Their bed was empty, but the bathroom door was wide-open. One of them lay on the bath mat in a fetal position, the other was, apparently, in the shower.
“Are you all right?” Stupid question.
“We are not feeling well,” said the twin on the mat. She opened her eyes, shaded them with her hand, and looked at me. “Mrs. Hollowell?”
“What? You want me to get you something? Some Alka-Seltzer?”
She slapped her hand against the shower door. “Glynnie, we are at Mrs. Hollowell’s.”
“Is that good?” A weak voice from the shower.
“I don’t know. It’s just where we are.”
“It’s fine,” I said. “I’ll get each of you a robe and see if I can find something to settle your stomachs.”
By the time I got back with an old robe of mine and one of Fred’s, Lynn had made it into the shower and Glynn sat on the edge of the bed wrapped in a towel, shivering.

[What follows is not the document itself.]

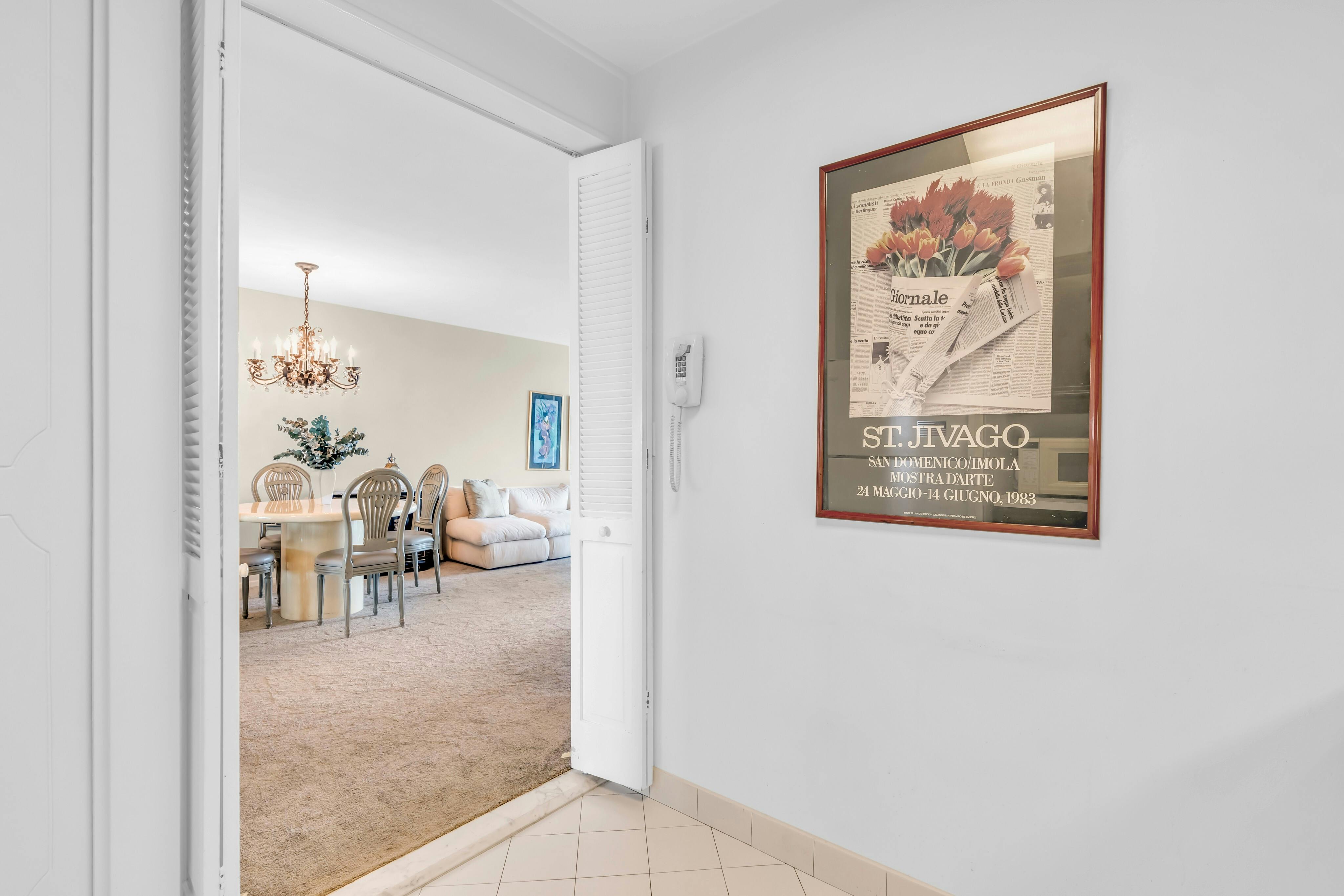 2000 Linwood Avenue Unit# 12X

I handed her the robes and went to the kitchen to fix some Alka-Seltzer. When I returned, both girls were sitting on the edge of the bed, still shivering in spite of the warm robes.
“Think you can keep this down?” I asked.
“We can or we can’t,” one of them said. They both took the glasses and drained them.
“Thank you,” they said together.
“Try and go back to sleep.”
“Lynnie was the designated driver,” Glynn said.
“Shut up, Glynnie. You’re always whining.”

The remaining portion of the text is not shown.